The reply is – we will and we’ll! But for that, we’d like to appreciate that we’ve been doing all of it fallacious. All current agent-building frameworks share a typical flaw: they depend on LLMs because the dynamic, autonomous component. Nevertheless, the crucial element we’re missing—what we’d like to create agents which can be each autonomous and reliable—is planning technology. And LLMs are NOT great planners.
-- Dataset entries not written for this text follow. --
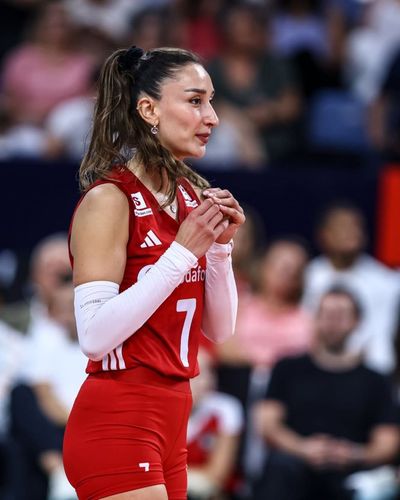 Hande Baladın seksi ifşa fotoğrafı 146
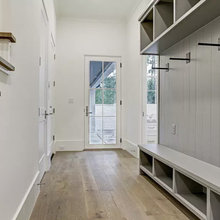 laundry/closet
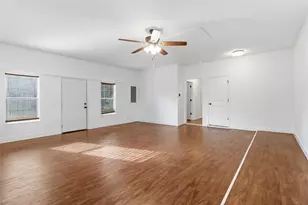 205 Homestead Rd, Kyle, TX 78640 - Photo 7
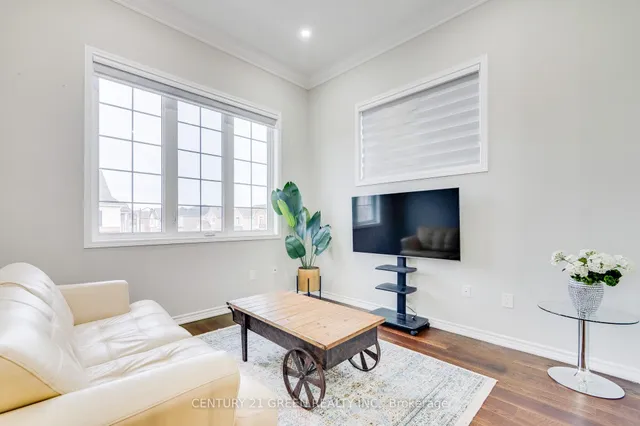 Additional property image - 1436 Connaught Terr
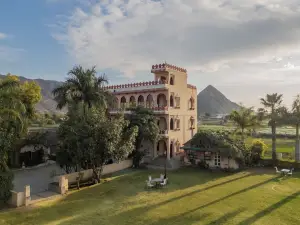 The Country Side Resort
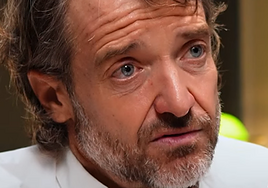 Javier Albares, experto en medicina del sueño: «Las pantallas en niños son un problema importante que normalizamos como el tabaco»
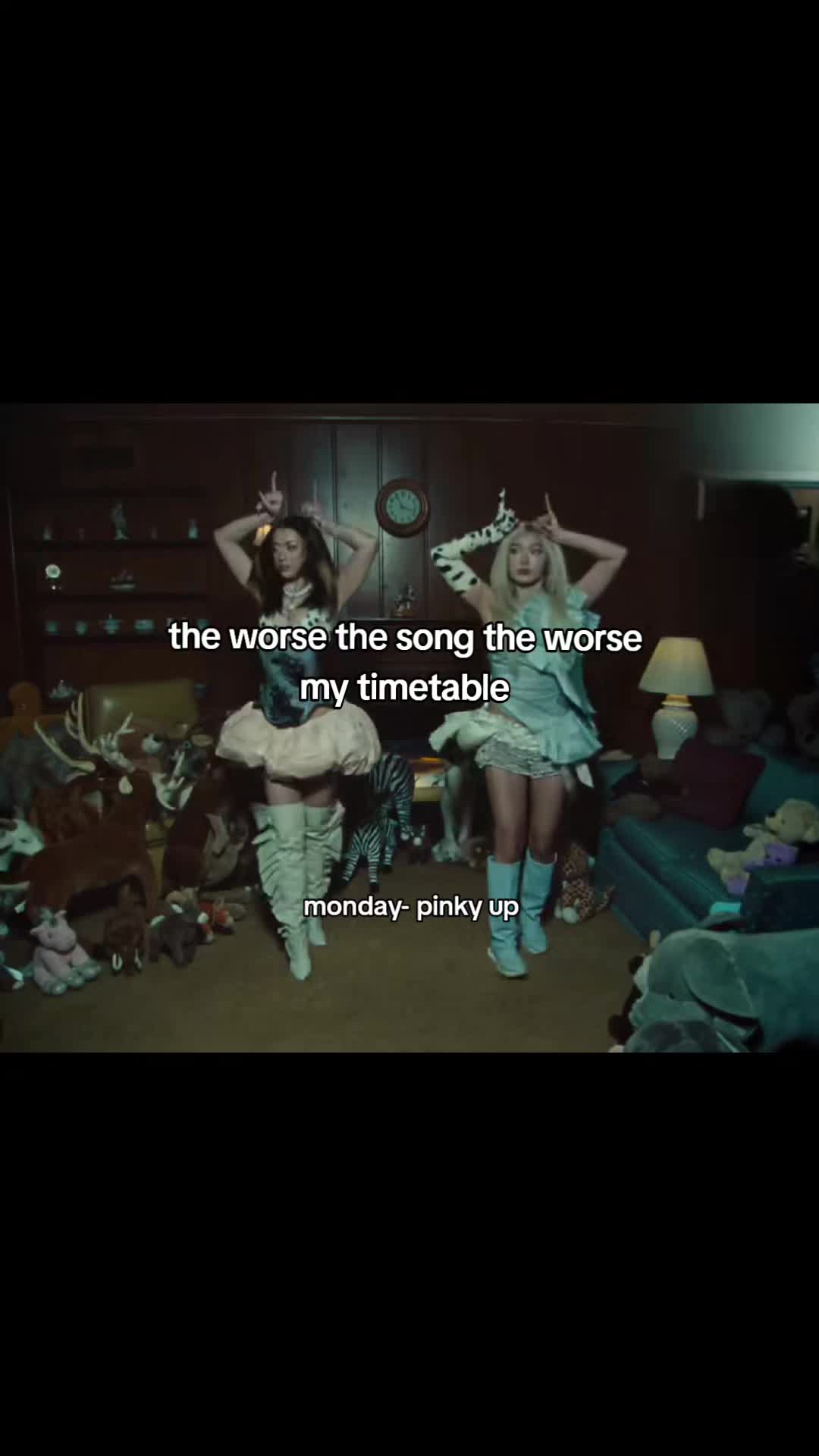 @𝓐𝓶𝓮𝓵𝓲𝓪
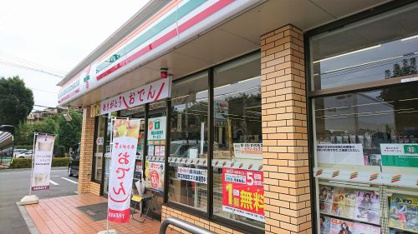 セブンイレブン国立学園通りの画像1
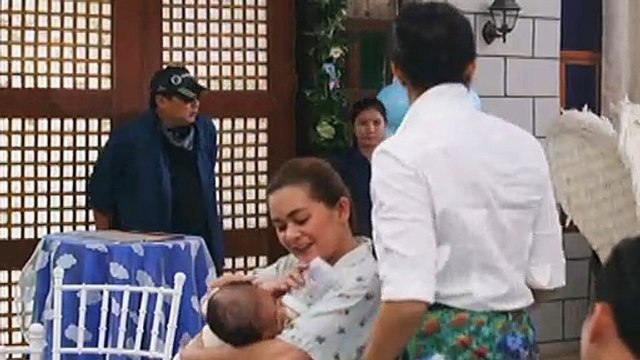 Clara, naiyak sa pagdating ng kanyang tatay Nestor sa binyag ni baby Nathan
But first, what’s “planning”? By “planning” we mean the flexibility to explicitly model alternative courses of motion that result in a desired result and to efficiently explore and exploit these alternatives under budget constraints. Planning ought to be done at each the macro and micro levels. A macro-plan breaks down a task into dependent and independent steps that should be executed to realize the specified consequence. What is usually ignored is the necessity for micro-planning aimed to ensure desired outcomes on the step level. There are various available strategies for increasing reliability and achieving guarantees on the single-step level through the use of more inference-time computing. For instance, you can paraphrase semantic search queries multiple times, you’ll be able to retrieve more context per a given query, can use a bigger model, and you’ll be able to get more inferences from an LLM – all leading to more requirements-satisfying results from which to decide on the very best one. micro-planner can efficiently use inference-time computing to realize the very best results under a given compute and latency budget. To scale the resource investment as needed by the actual task at hand. That way, planful AI systems can mitigate the probabilistic nature of LLMs to realize guaranteed outcomes on the step level. Without such guarantees, we’re back to the compounding error problem that can undermine even the very best macro-level plan.
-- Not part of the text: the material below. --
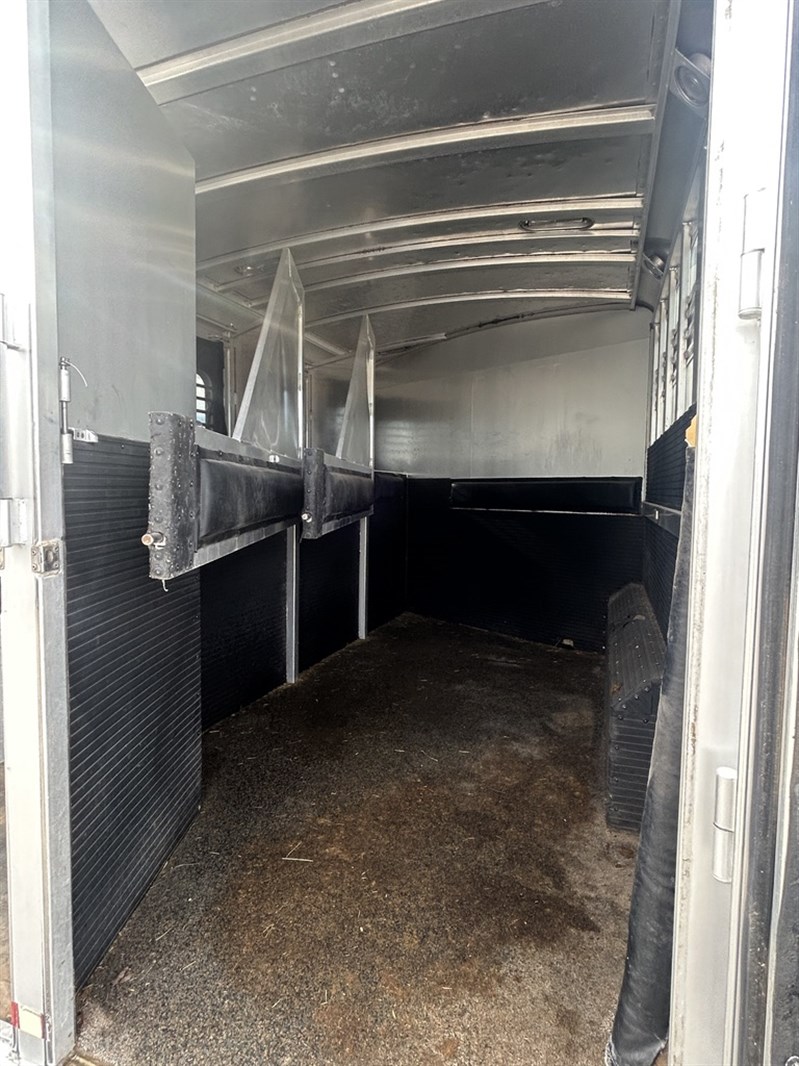 Trailer Photo 11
But why can’t LLMs function planners? In spite of everything, they’re able to translating high-level instructions into reasonable chains of thought or plans defined in natural language or code. The rationale is that planning requires greater than that. Planning requires the flexibility to model alternative courses of motion which will reasonably result in the specified consequence AND to reason concerning the expected utility and expected costs (in compute and/or latency) of every alternative. While LLMs can potentially generate representations of obtainable courses of motion, they can’t predict their corresponding expected utility and costs. For instance, what are the expected utility and costs of using model X vs. model Y to generate a solution per a selected context? What’s the expected utility of in search of a selected piece of knowledge within the indexed documents corpus vs. an API call to the CRM? Your LLM doesn’t begin to have a clue. And for good reason – historical traces of those probabilistic traits are rarely present in the wild and should not included in LLM training data. Additionally they are inclined to be specific to the actual tool and data environment through which the AI system will operate, unlike the overall knowledge that LLMs can acquire. And even when LLMs could predict expected utility and costs, reasoning about them to decide on essentially the most effective plan of action is a logical decision-theoretical deduction, that can not be assumed to be reliably performed by LLMs’ next token predictions.
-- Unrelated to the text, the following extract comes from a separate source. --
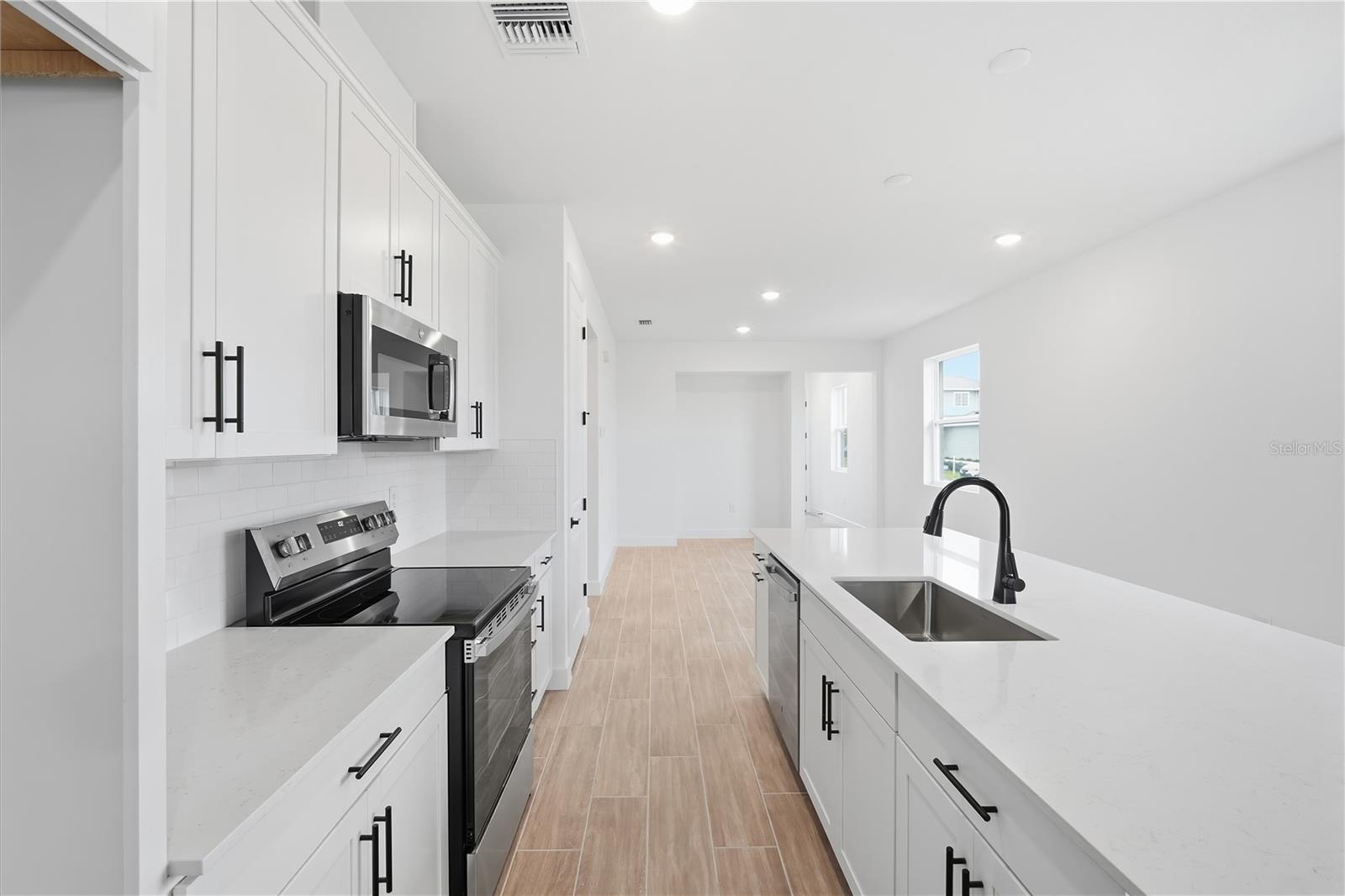 Single Family Residence at 2326 ANDERS DR, PARRISH, photo 14 of 38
So what are the missing ingredients for AI planning technology? We’d like planner models that may learn from experience and simulation to explicitly model alternative courses of motion and corresponding utility and value probabilities per a selected task in a selected tool and data environment. We’d like a Plan Definition Language (PDL) that may be used to represent and reason about said courses of motion and probabilities. We’d like an execution engine that may deterministically and efficiently execute a given plan defined in PDL.
Some individuals are already hard at work on delivering on this promise. Until then, keep constructing static chains. Just please don’t call them “agents”.